Regarded as Beckett’s most well-known work, the play centres around Vladimir and Estragon, two characters of unspecified origin, waiting on a country road by a tree. As they wait for Godot, who may never arrive, they encounter Pozzo and his companion Lucky on the road.

Adding their own interpretation to the play, the AS drama class workshopped the piece with a modern reading, set in today’s Covid-19 affected world. Last week, their highly anticipated production was performed before students, family, and friends to great acclaim and applause.

As the guiding light behind the play, Speech and Drama teacher Adam Fresco, has long admired the now seventy-year-old, Existentialist play, which is considered a major work of what British Theatre expert, Martin Esslin, deemed ‘The Theatre of The Absurd’.
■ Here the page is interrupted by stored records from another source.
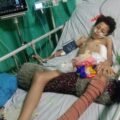Akbar pelajar MTsN Salido menjalani perawatan di RSUP M. Jamil Padang sebelum meninggal dunia akibat tumor.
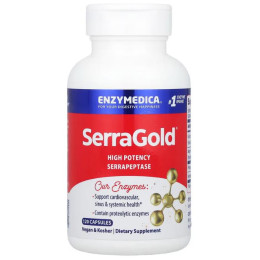 Протеолитические ферменты, SerraGold, Enzymedica, серрапептаза для сердца, 120 капсул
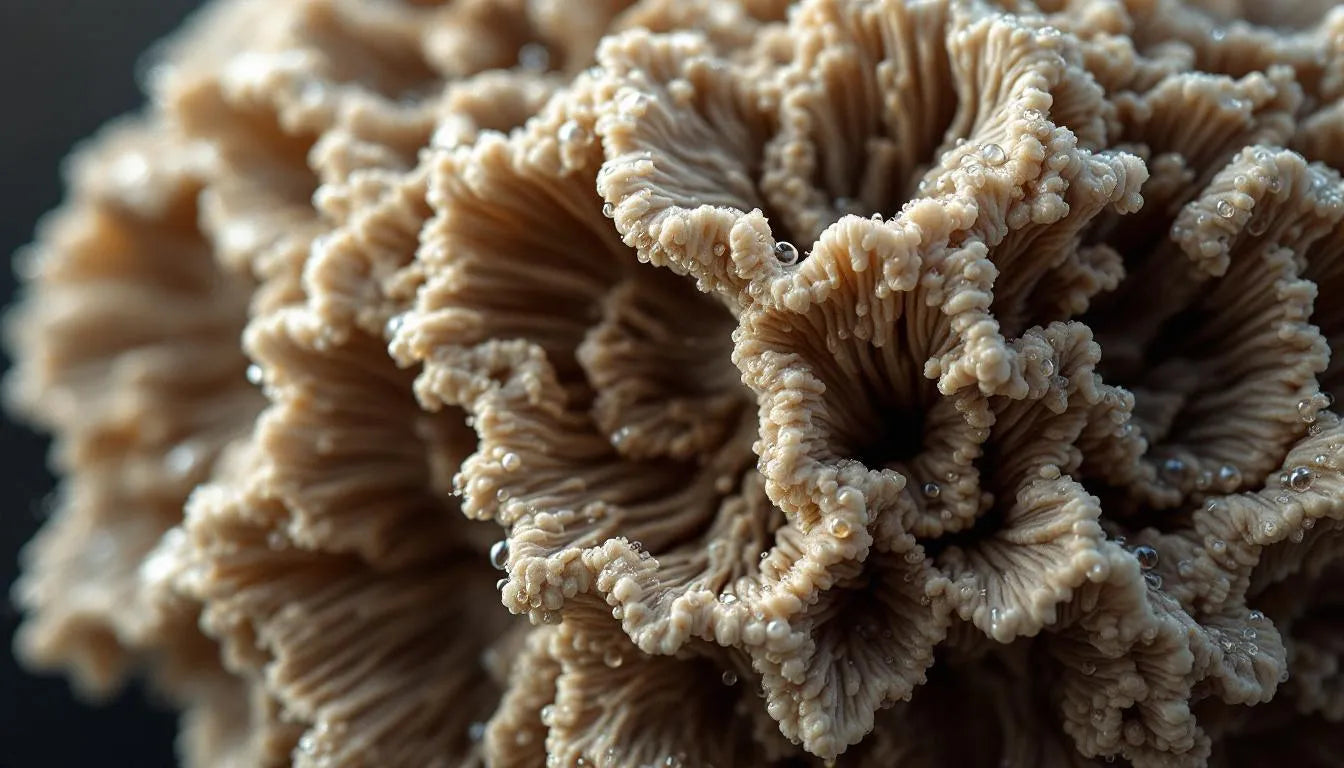 microscopic mushroom cap cells interacting with moisture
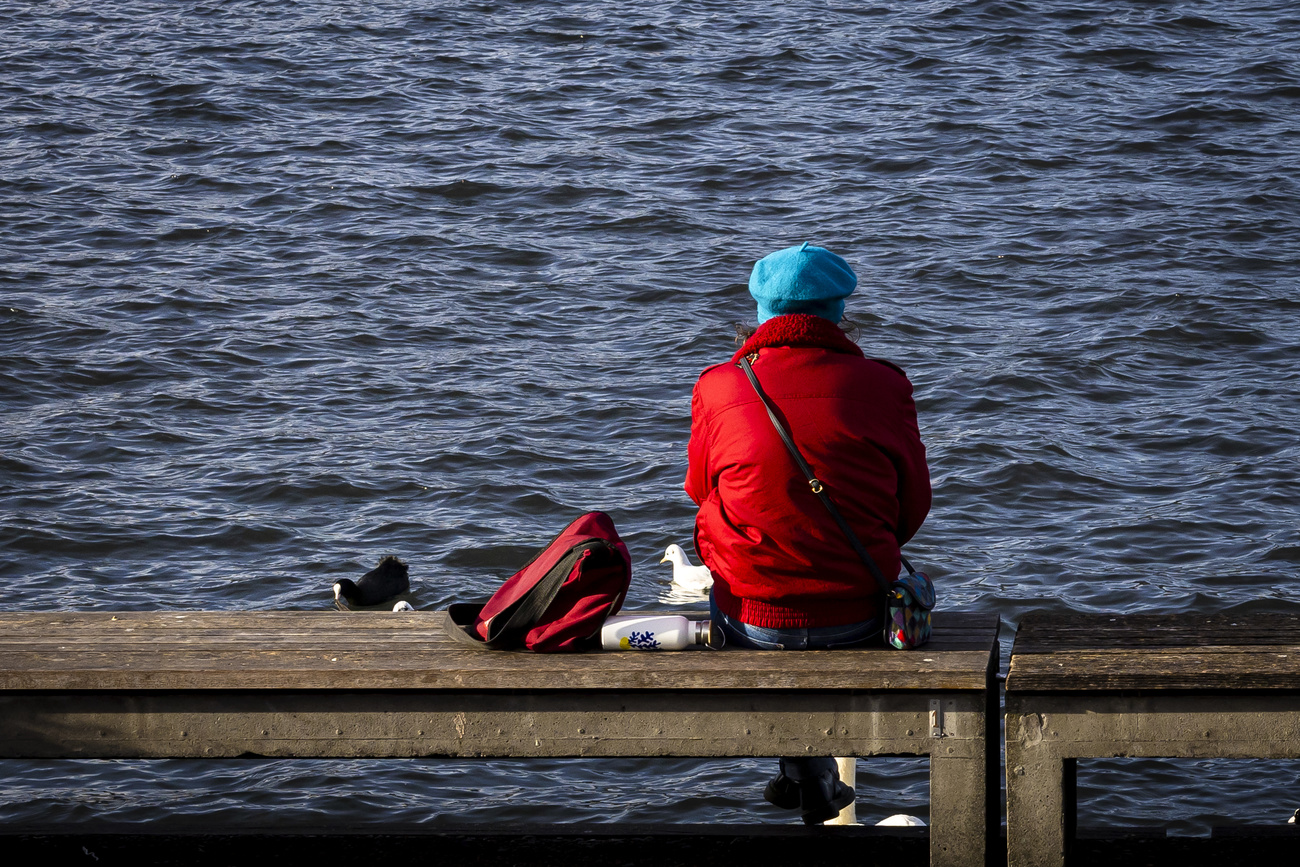 Eine Fraus sitzt am See, von hinten aufgenommen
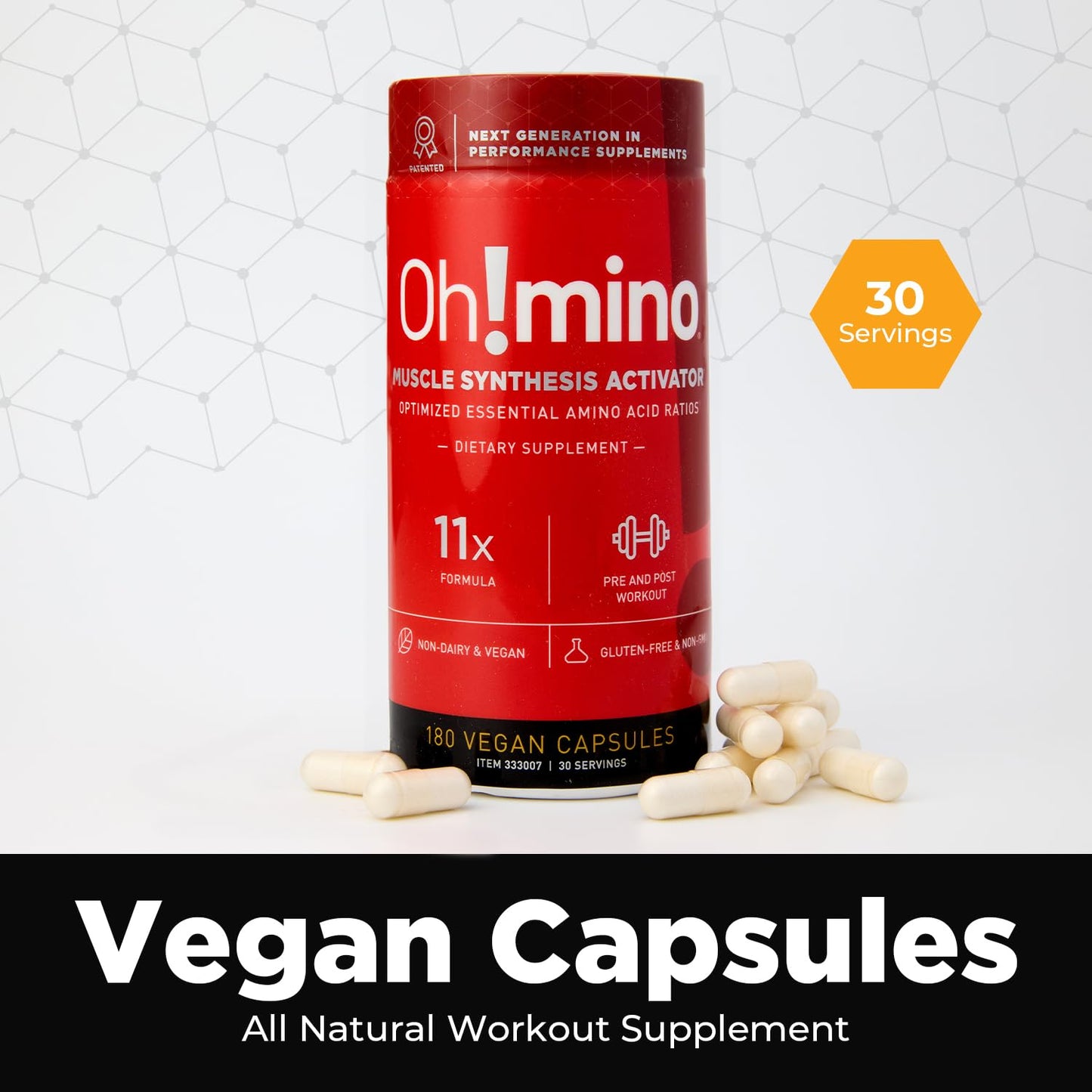 Oh!mino Amino Acids Supplement for Protein Synthesis - EAAs Capsules for Muscle Recovery, Pre & Post Workout - Caffeinated, Non Dairy, Vegan, Zero Sugar & Net Carbs (180-Count, 30 Servings)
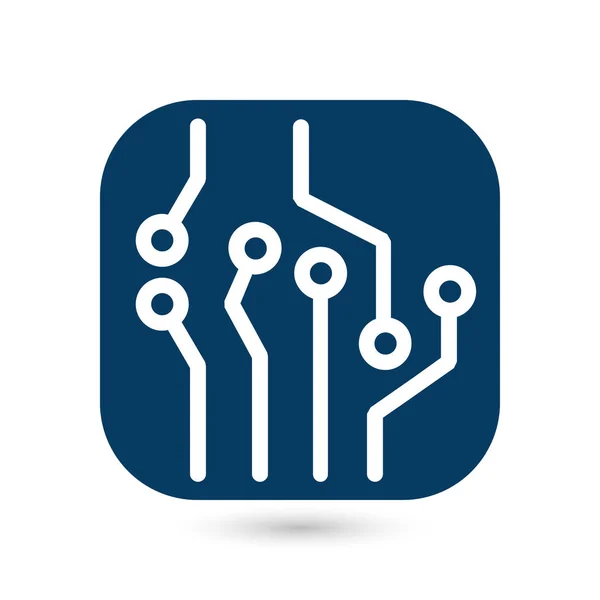 Icono Placa Circuito Esquema Tecnología Símbolo Cuadrado Estilo Diseño Plano — Archivo Imágenes Vectoriales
As Adam observes, “Beckett’s play does not simply cry in the face of life’s relentless cruelty – he meditates, he contemplates, he rages and, yes, for all of life’s absurdity – he laughs. I think that is why, when Beckett translated his play into English, he added the subtitle: ‘A tragicomedy in two acts’.

“Our version, being set in an antiseptic, socially-distanced, post Covid-19 world, remains as relevant, mysterious, odd, strange and absurd as it did 70-years ago when it first created. As to why are we waiting, and who is Godot anyway, we may not answer these questions, but the we did set out to answer the Cambridge AS-Level drama requirement that students produce and film a performance from one of the texts we have been studying this year.

“Interestingly, when it looked like we might be in lockdown, I applied to Cambridge to allow us to perform our show online, emphasising the isolation of each character we found in Beckett’s text, and drawing parallels with the human condition and the restrictions of our new, post Covid-19 world. The authorities at Cambridge agreed. Better yet, we were able to perform our version of Beckett’s masterpiece of The Absurd live, in front of family, whanau and friends, right here at ACG Parnell.”

Featuring AS drama students Jack Chen-Sinclair, Cameron Blyth, Bryce Matthews, and Kevin Yang, supported by stage managers Eli Le Fevre and Lu Yu, the show was presented as a workshop production of a work in progress.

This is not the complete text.